Wednesday, April 28, 2010

Money Business, Playing the Market, Be Your Own Boss from Heinemann

Reading level: grades 3-5

These books are great for anyone who wants to learn a little about economics.

Be Your Own Boss -Describes simple characteristics of small businesses and how to start and manage a small business.

Money Business - Focuses on the fundamental forces that drive the economy, as well as history and economic principles. It touches on the laws of supply and demand and a quick history of the first bankers.

Playing the Market -There is a brief definition of the economy, savings and investments and how companies raise money. It explains the differences between stocks and bonds, interest rates, the role of government and the Federal Reserve. The book ends with instructions for reading newspaper stock reports.

Tuesday, April 27, 2010

The Country Wife by William Wycherley

The Country Wife is a controversial sexually explicit play written in 1675. It is complicated and difficult to read.

There are three plots in the play:

1. Horner pretends to be impotent in order to sleep with as many married women as possible. He spreads the rumor of his impotence, in order to convince married men that he can be trusted to socialize with their wives.

2. Pinchwife -a middle-aged man who marries a naive country girl hoping that he will not be cuckolded (a man being cuckolded is the last to know of his wife's infidelity).
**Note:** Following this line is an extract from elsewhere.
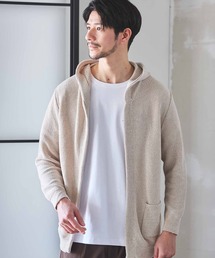 ウォッシャブルボタンレスパーカーカーディガン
Until Horner gets a hold of her.

3. The love story of Harcourt and Alithea - Harcourt wins the hand of Alithea from the hands of the Upper-class town snob after she discovered he only loves her for her money.

Thursday, April 15, 2010

The Battle of the Labyrinth by Rick Riordan

Percy does not get a break. Soon to be 15, Percy has girl problems and must save the world from the Titan lord Kronos. Annabeth is the leader of this quest with Percy, Grover and Rachel (a mortal). They must go through the Labyrinth to find Daedalus before Luke’s army storms Camp Half-blood. The Labyrinth is a confusing maze and they soon encounter gods and creatures, some friendly but most are out for blood.

Like the first three, this is fun, full of adventure and I enjoy how Riordan goes back and forth between reality and fantasy.
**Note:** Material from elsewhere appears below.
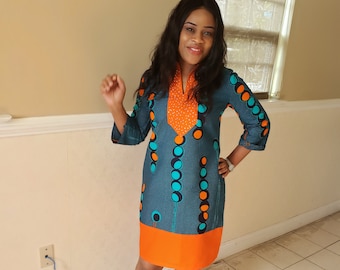 African print kaftan, Ankara kaftan dress,  kaftan dress women, Ankara dress, African print dress, Ankara shortsleeve dress.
Crime and Punishment by Fyodor Dostoevsky

Is murder acceptable in pursuit of a higher purpose? Dostoyevsky presents this argument brilliantly. Taking us through Raskolnikov’s daily activities and thought pattern.

Raskolnikov thinks of himself as “extraordinary” and believes that extraordinary men have the right to commit a crime if it is for the good of humanity. He commits a murder, killing a despicable pawnbroker and her sister, to prove his point.

I remember thinking “he is so isolated and self absorbed” and completely out of touch with reality. I understood his anguish, he did everything right, he is extremely smart, good looking and hardworking. Why was he in this predicament; so poor that he couldn’t afford to eat or pay his rent? Why should an extraordinary man have to live this way while mean horrible awful people were allowed to have better lives and make the lives of decent people miserable? In his mind killing such horrible people is justifiable.